Por Conexão Roraima 07/06/2021 - 20:16 hs

A Defensoria Pública de Roraima (DPE/RR) solicitou ao governo do estado que apresente até esta terça-feira (8) o plano estratégico de ampliação da vacinação com previsão de data de início, planejamento e critério definidos para sua implementação. O objetivo da DPE é que o Estado inicie imediatamente a imunização contra Covid-19 de todas as pessoas com idade entre 18 a 59 anos, sem comorbidades, conforme autorizado pelo Ministério da Saúde, no último dia 28/05/2021.

O pedido foi encaminhado no dia 2 de junho e leva em conta a alta de casos de óbitos e o saldo de vacinas disponíveis em estoque. Conforme informações do Vacinômetro, o estado possui um estoque de 40.384 doses, das quais 18.400 são destinadas à população indígena e 21.974 são destinadas ao público em geral.
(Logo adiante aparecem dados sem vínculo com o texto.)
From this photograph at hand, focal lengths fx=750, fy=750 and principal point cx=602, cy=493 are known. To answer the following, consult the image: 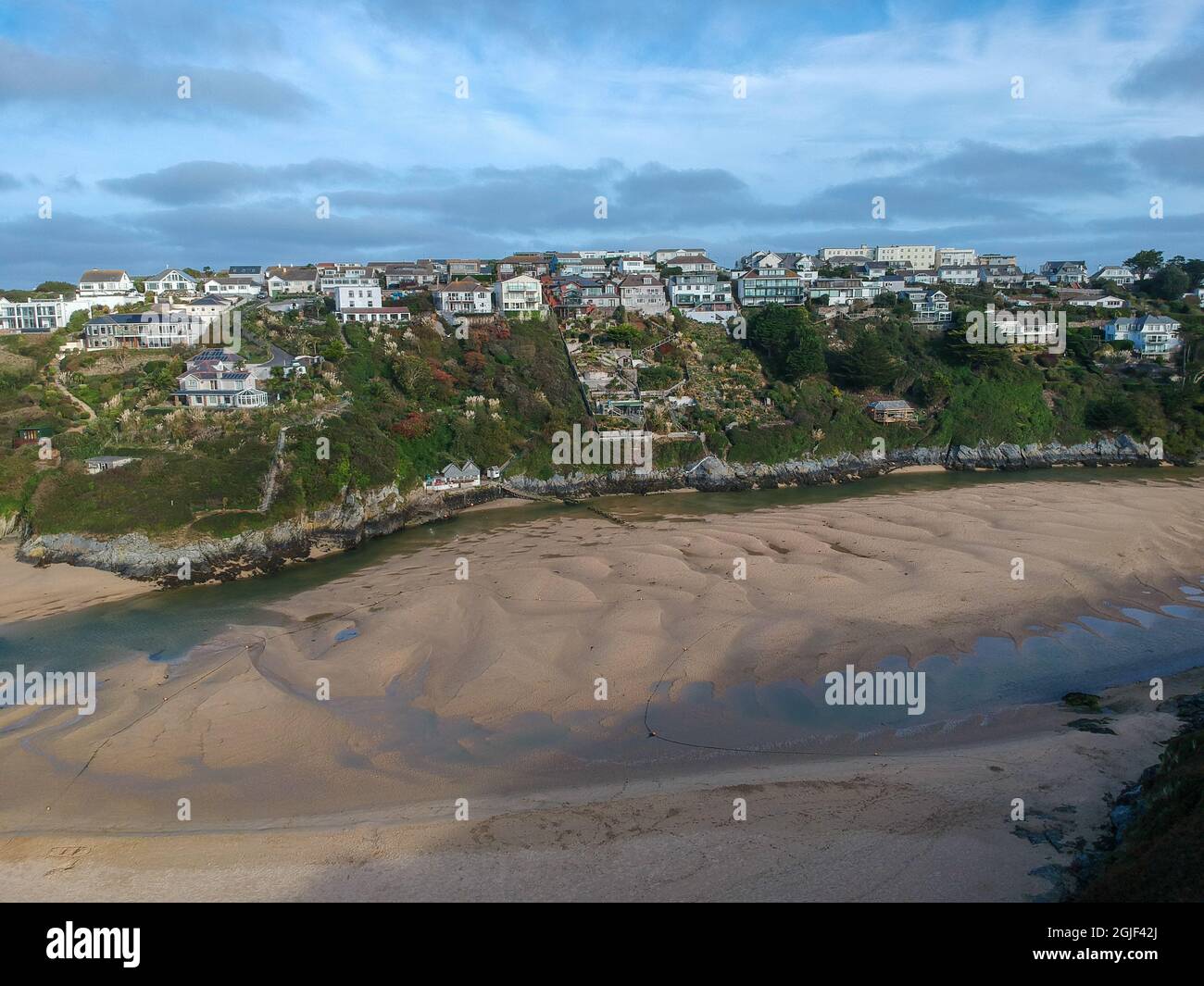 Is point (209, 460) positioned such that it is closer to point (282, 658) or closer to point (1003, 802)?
point (282, 658)

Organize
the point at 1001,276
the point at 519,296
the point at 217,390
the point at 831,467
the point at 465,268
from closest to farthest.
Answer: the point at 217,390 → the point at 831,467 → the point at 519,296 → the point at 465,268 → the point at 1001,276

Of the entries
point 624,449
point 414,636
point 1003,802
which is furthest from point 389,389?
point 1003,802

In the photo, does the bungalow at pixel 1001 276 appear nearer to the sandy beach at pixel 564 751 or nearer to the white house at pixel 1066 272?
the white house at pixel 1066 272

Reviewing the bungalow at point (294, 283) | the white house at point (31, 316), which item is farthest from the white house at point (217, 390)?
the bungalow at point (294, 283)

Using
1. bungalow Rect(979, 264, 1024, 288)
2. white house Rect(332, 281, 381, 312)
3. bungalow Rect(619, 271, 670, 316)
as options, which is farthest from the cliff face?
bungalow Rect(979, 264, 1024, 288)

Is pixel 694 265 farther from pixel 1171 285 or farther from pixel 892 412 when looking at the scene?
pixel 1171 285

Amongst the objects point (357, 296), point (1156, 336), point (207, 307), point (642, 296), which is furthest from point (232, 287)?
point (1156, 336) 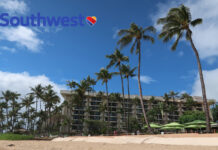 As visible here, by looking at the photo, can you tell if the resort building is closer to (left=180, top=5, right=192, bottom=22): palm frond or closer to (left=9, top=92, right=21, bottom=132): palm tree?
(left=9, top=92, right=21, bottom=132): palm tree

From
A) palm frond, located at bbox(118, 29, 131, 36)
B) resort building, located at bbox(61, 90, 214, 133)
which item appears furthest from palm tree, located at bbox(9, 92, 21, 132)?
palm frond, located at bbox(118, 29, 131, 36)

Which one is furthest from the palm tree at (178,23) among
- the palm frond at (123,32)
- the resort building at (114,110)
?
the resort building at (114,110)

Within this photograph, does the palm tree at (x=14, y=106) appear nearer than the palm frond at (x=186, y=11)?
No

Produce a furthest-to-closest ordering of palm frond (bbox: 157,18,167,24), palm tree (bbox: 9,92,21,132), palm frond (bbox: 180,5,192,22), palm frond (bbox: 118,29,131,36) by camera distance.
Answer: palm tree (bbox: 9,92,21,132) → palm frond (bbox: 118,29,131,36) → palm frond (bbox: 157,18,167,24) → palm frond (bbox: 180,5,192,22)

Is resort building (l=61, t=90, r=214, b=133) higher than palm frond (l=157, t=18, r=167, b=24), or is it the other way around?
palm frond (l=157, t=18, r=167, b=24)

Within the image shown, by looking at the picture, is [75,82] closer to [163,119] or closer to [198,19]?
[198,19]

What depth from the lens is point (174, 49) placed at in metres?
25.2

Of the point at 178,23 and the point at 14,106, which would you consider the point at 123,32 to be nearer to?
the point at 178,23

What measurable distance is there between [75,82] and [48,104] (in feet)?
66.3

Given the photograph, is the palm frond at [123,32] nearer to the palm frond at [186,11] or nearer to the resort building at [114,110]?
the palm frond at [186,11]

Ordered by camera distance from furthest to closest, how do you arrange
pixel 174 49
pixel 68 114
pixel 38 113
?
pixel 68 114 < pixel 38 113 < pixel 174 49

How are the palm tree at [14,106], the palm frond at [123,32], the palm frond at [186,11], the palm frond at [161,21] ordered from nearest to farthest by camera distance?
1. the palm frond at [186,11]
2. the palm frond at [161,21]
3. the palm frond at [123,32]
4. the palm tree at [14,106]

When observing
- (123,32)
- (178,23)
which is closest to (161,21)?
(178,23)

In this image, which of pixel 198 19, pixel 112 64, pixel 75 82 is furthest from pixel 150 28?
pixel 75 82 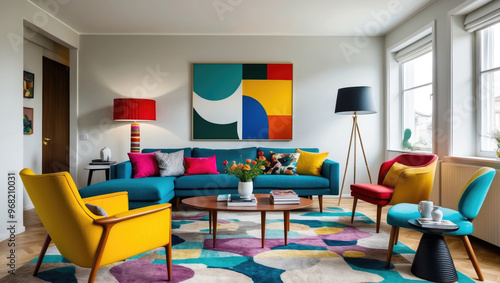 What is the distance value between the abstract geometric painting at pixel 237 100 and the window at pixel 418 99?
6.02 ft

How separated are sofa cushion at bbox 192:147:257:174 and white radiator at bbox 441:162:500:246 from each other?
2569 mm

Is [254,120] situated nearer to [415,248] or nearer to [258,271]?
[415,248]

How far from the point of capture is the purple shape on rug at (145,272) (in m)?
2.36

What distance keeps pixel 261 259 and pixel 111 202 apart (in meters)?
1.29

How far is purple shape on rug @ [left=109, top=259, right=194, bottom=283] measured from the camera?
7.74 ft

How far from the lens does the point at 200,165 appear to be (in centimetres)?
479

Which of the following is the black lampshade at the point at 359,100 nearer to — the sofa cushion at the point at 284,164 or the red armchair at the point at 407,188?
the sofa cushion at the point at 284,164

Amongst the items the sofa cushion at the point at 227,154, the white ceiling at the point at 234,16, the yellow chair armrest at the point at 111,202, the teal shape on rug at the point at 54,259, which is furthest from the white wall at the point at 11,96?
the sofa cushion at the point at 227,154

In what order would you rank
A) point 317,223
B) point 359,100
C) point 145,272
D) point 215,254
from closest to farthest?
1. point 145,272
2. point 215,254
3. point 317,223
4. point 359,100

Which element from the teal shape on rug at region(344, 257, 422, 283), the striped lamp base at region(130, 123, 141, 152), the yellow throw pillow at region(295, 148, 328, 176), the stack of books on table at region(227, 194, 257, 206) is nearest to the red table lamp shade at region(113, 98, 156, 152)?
the striped lamp base at region(130, 123, 141, 152)

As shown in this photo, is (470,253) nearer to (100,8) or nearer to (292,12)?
(292,12)

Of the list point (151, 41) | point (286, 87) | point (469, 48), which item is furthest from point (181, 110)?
point (469, 48)

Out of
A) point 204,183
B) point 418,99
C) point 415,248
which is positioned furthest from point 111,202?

O município de Boa Vista possui o saldo em estoque de 27.361 doses de vacinas.

A Defensoria entende que com esse saldo em estoque de mais de 27 mil doses não justificativa para não iniciar a da população em geral (de 18 a 59 anos) sem comorbidades, destacando, inclusive, que capitais com maior densidade populacional que Boa Vista, como Rio de Janeiro, São Paulo, São Luís do Maranhão e Porto Alegre já definiram calendário de continuidade do processo de vacinação para o grupo da população em geral, e que o estado de Roraima e o município de Boa Vista ainda não deram publicidade a este cronograma.

Pedimos esclarecimentos também sobre a motivação para a manutenção do saldo em estoque de milhares de doses de vacinas ainda não aplicadas, assim como sobre a divulgação do calendário para vacinação deste público-alvo [de 18 a 59 anos], sem comorbidades”, explicou o defensor público-geral, Stélio Dener.

De acordo com o defensor-geral, a continuidade da vacinação é imprescindível e o monitoramento deste planejamento local deve ser aprimorado a fim de garantir que não ocorra quebra de continuidade no processo de imunização. “Queremos garantir que os direitos dessas pessoas sejam atendidos e que a vacinação seja realizada de forma isonômica, contínua, eficiente, célere e segura”, argumentou.